Gb2312-80, referred to as GB2312.
The code page in Windows is CP936.
GBK
Microsoft, the extension of the gb2312-80, that is, the use of GB 2312-80 unused encoding space, including all the GB 13000.1-93 and Unicode 1.1 in all characters of Chinese characters, developed a GBK encoding.
GBK contains 21,886 symbols, which are divided into Chinese character area and graphic symbol area. The Chinese character area consists of 21,003 characters.

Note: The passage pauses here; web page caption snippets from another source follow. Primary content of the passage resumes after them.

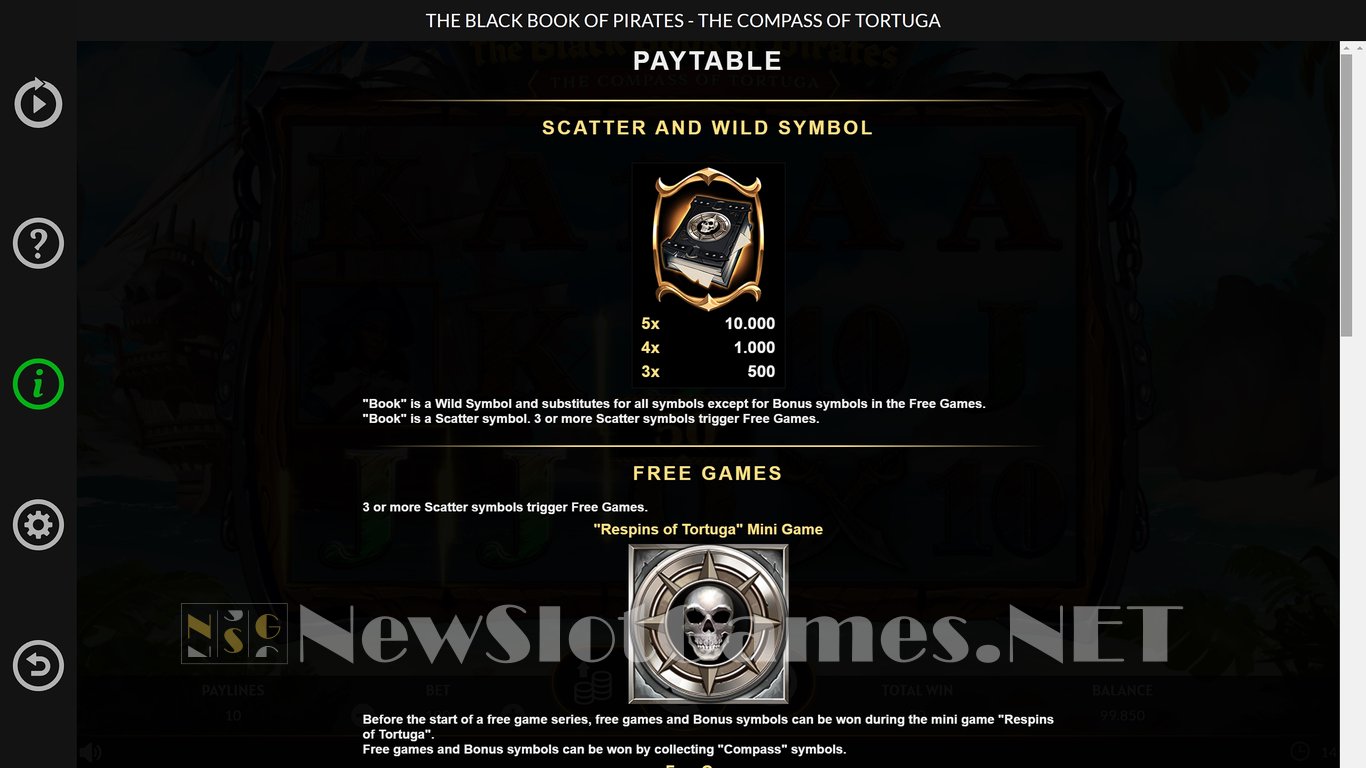 The Black Book of Pirates Slot Slot Image in Demo - pic. 5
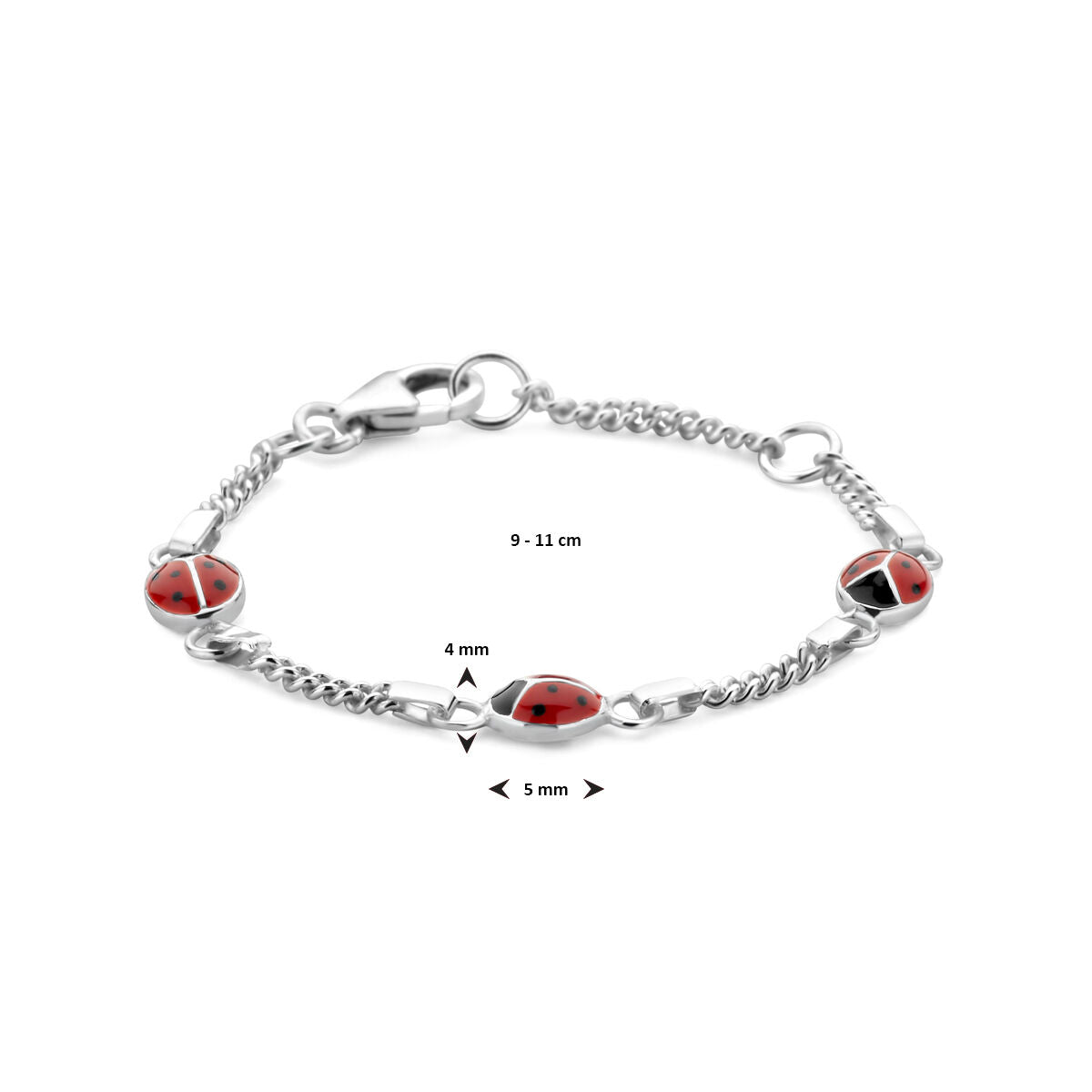 bracelet coccinelle argent blanc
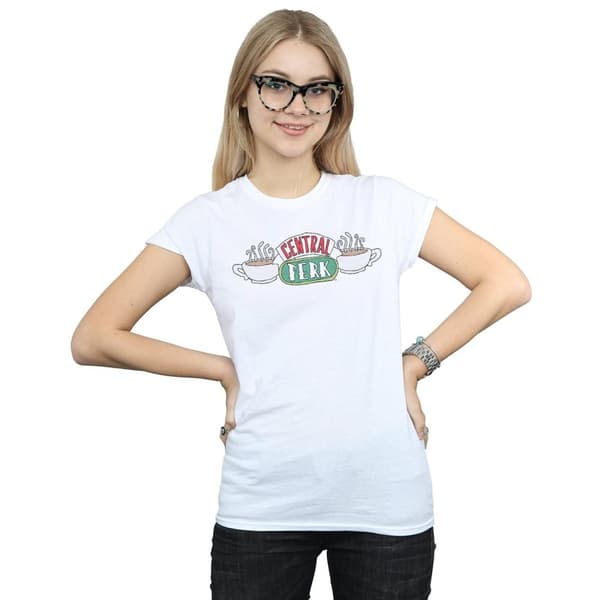 Friends Womens/Ladies Central Perk Sketch Cotton T-Shirt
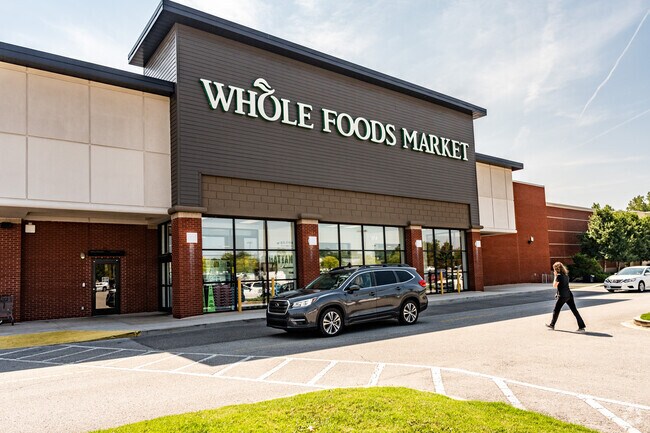 Whole Foods is a grocery spot in the Hickory Valley neighborhood.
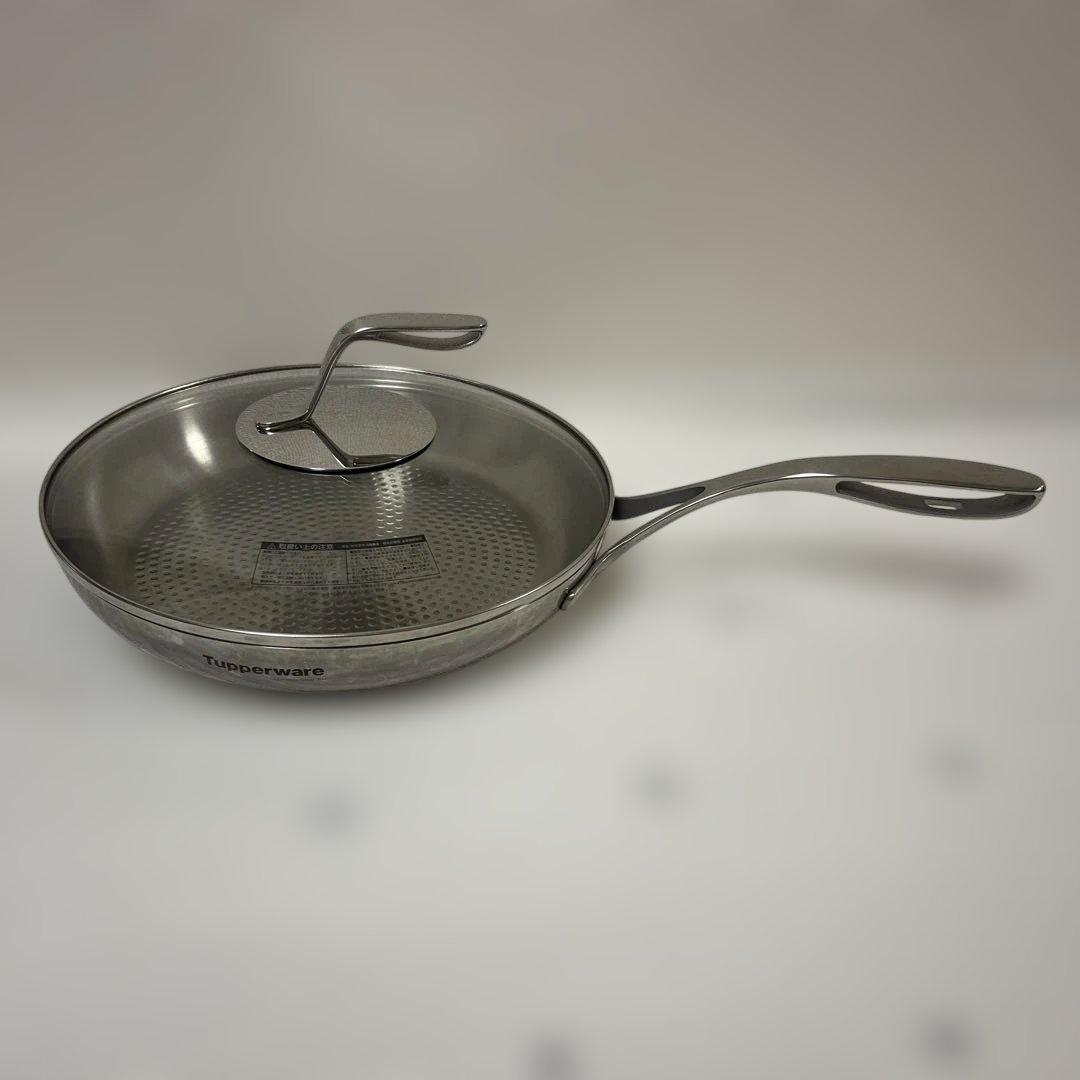 Tupper ware タッパーウェア 28cmフライパン (ガラスふた付) - メルカリ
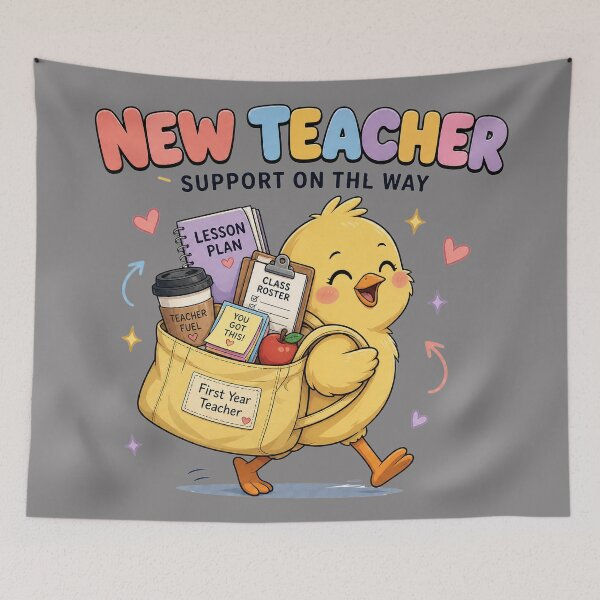 Item preview, First Year Teacher Chick Support designed and sold by MOCH- ART.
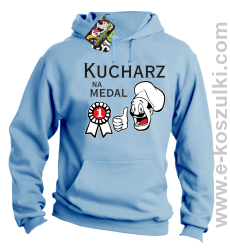 Kucharz na medal - bluza z kapturem błękitna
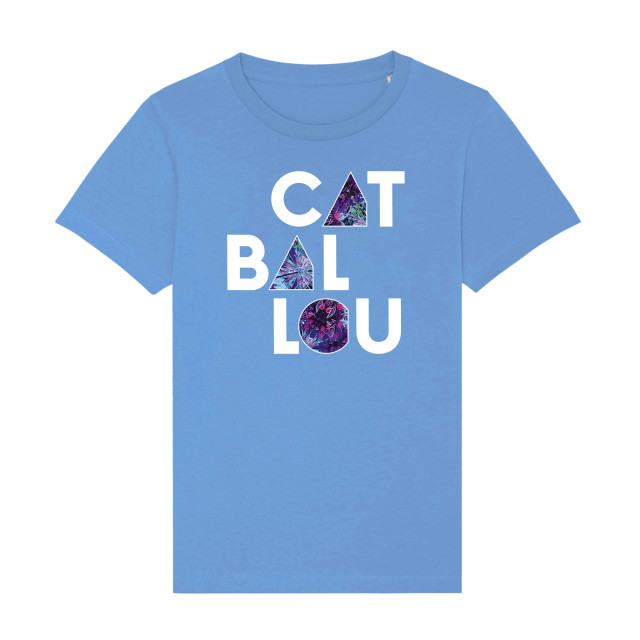 Kinder Shirt Logo Trkis (Shop Art-No. cbS0070) | Cat Ballou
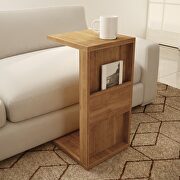 Modern end table with magazine shelf in nature main photo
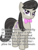 Size: 1000x1300 | Tagged: safe, octavia melody, earth pony, pony, g4, bowtie, electricity, female, glorious cello princess, hooves, insane pony thread, inventor, mare, nikola tesla, simple background, smiling, solo, text, transparent background, tumblr, vector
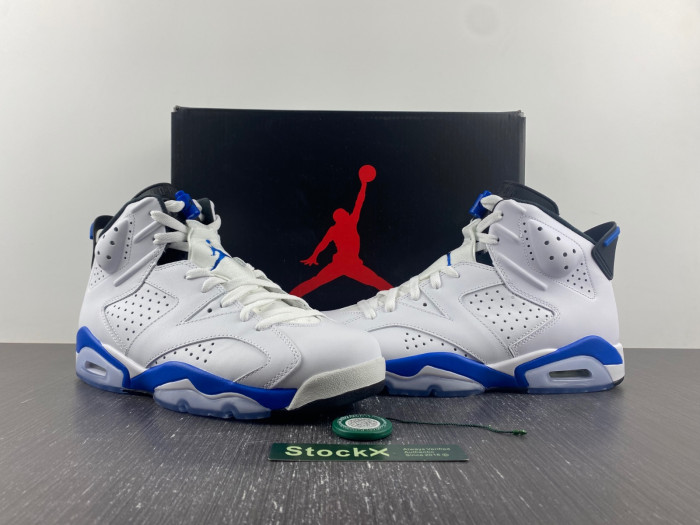 TB Air Jordan 6 Retro Sport Blue (2014) 384664-107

GBK, as an extension to GB2312, still uses the code page CP936 representation in today's Windows system, but the same 936 code page is different from the first 936 code page that supports GB2312 encoding, and now the 936 code page supports GBK encoding, GBK It is also backwards compatible with GB2312 encoding.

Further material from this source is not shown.